▶ _Provided information_:

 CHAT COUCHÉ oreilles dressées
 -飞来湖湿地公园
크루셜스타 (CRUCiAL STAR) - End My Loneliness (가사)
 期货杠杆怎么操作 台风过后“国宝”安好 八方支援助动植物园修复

==

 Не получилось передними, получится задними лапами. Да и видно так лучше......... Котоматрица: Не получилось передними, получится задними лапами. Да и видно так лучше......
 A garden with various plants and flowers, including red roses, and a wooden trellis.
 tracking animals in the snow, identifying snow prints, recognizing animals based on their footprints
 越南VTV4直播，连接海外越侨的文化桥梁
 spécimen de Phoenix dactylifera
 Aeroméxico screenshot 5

...

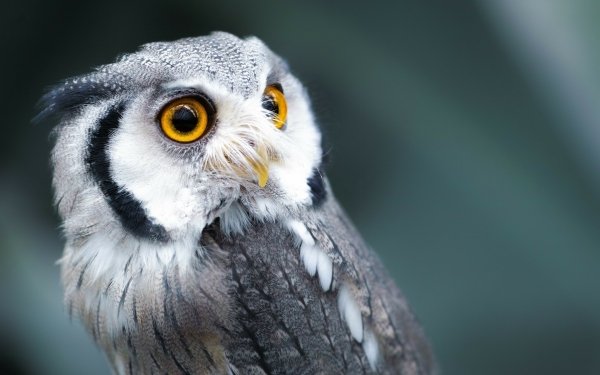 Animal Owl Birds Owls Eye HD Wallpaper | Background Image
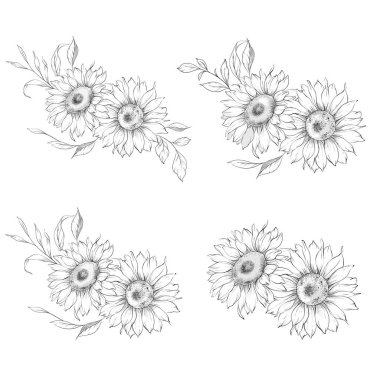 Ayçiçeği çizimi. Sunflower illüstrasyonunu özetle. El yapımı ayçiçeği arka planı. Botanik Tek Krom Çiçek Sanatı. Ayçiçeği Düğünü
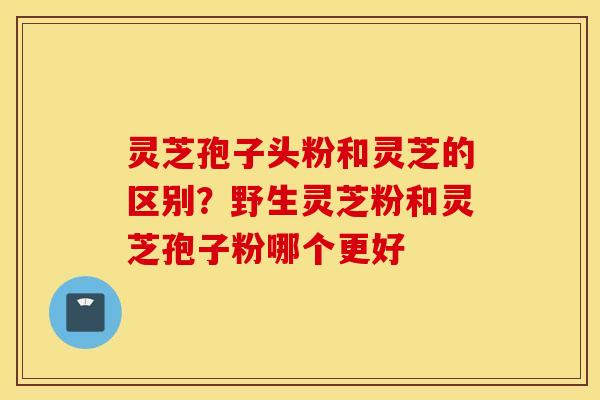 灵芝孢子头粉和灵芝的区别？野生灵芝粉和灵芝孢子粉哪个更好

▶ _Goal of the exercise_:
Above are records; repeat only the lines starting at the line with "видно так лучше........." and ending at the line with "Aeroméxico screenshot 5", exactly as they appear, both included.

▶ _Final answer_:
 Не получилось передними, получится задними лапами. Да и видно так лучше......... Котоматрица: Не получилось передними, получится задними лапами. Да и видно так лучше......
 A garden with various plants and flowers, including red roses, and a wooden trellis.
 tracking animals in the snow, identifying snow prints, recognizing animals based on their footprints
 越南VTV4直播，连接海外越侨的文化桥梁
 spécimen de Phoenix dactylifera
 Aeroméxico screenshot 5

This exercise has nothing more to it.